The nature of the new media
Lileks, true to form, has some excellent perspective on the fallout from the forgery scandal.
But I think the number of people who regard the evening news as straight truth delivered by disinterested observers, can be numbered in the high dozens. Blogs haven't toppled old media. The foundations of Old Media were rotten already. The new media came along at the right time. Put it this way: you've see films of old buildings detonated by precision demolitionists. First you see the puffs of smoke - then the building just hangs there for a second, even though every column that held it up has been severed. We've been living in that second for years, waiting for the next frame. Well, here it is. Roll tape. Down she goes. And when the dust settles we will be right back where we were 100 years ago, with dozens of fiercely competitive media outlets throwing elbows to earn your pennies.
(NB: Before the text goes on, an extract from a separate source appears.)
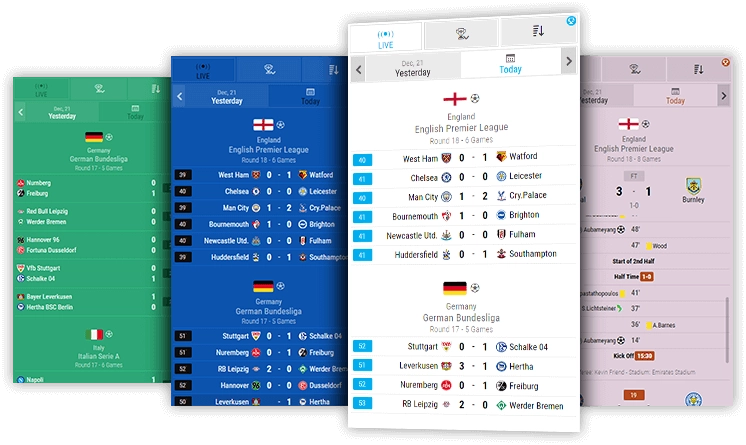 soccer match center desktop and mobile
In retrospect, TV looks like a big smothering quilt: it killed the afternoon papers, forced the survivors to consolidate; it reshaped the news cycle to fit its needs, shifted the emphasis to the visual. It fed off the Times and the Post and other surviving papers, which had institutionalized the Watergate and Vietnam templates as the means by which we understand events. The old-line media, like its Boomer components, got old, and like the Boomers, it preferred self-congratulation to self-reflection. And so the Internet had it for lunch, because the Internet does not have to schedule 17 meetings to develop a strategy for impactfully maximizing brand leverage in emerging markets; the Internet does not have to worry about how a decision will affect ones management trajectory; the Internet smells blood and leaps, and that has turned the game around, for better or worse. So were back to where we were in 1904 except that the guys on the corner shouting WUXTRY, WUXTRY arent grimy urchins selling the paper theyre the people who wrote the damn thing, too.
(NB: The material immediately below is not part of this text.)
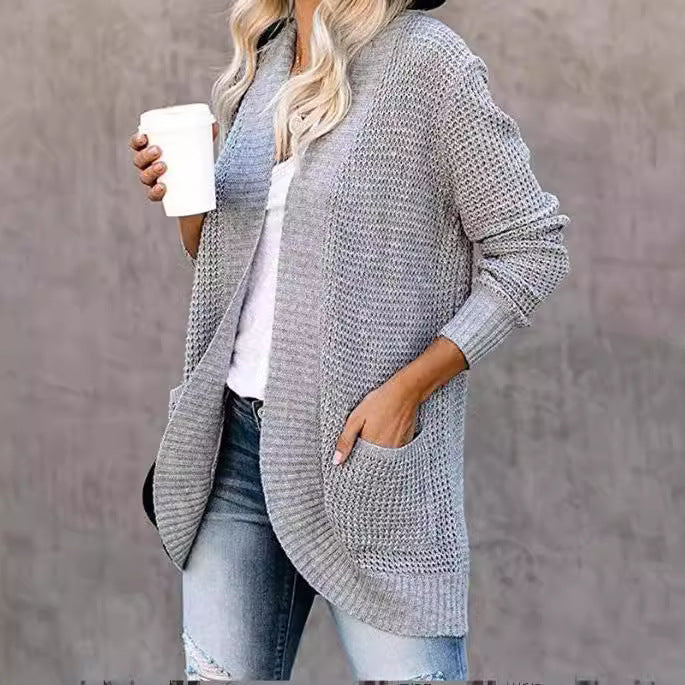 Women's Curved Placket Knitted Sweater Cardigan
In some respects we are seeing a return to 1904. But it's a jazzed up, 21st century 1904. Back in the golden age of yellow journalism and muckraking, competing papers created wars and didn't worry too much about the truth. The competition is returning - Fox amidst the major media, and the thousands of blogs and webzines in the increasingly powerful new media. But it's different now. Like open source software and open source intelligence, we are seeing open source journalism. This is the 21st century stamp on the metaphor.
I think a closer historical analog to what we're seeing now is the pamphleteers of the revolutionary era. In many respects, the golden age of newspapers was the late eighteenth century. Small papers, they carried little of what we would think of as news. The occasional dispatch from europe, advertisements, and essays on politics, morals and religion. This is much of what blogs are today. However, instead of a small number of papers with circulation numbering in the thousands, today's Tom Paines and Alexander Hamiltons can reach millions with their essays and commentary. And again, they don't have to go through semi-monopolistic corporate media giants to get access to the public. Anyone with a computer and a phone has access the writers of the federalist papers would likely have killed for.
Personally, I can't wait for the building to come down.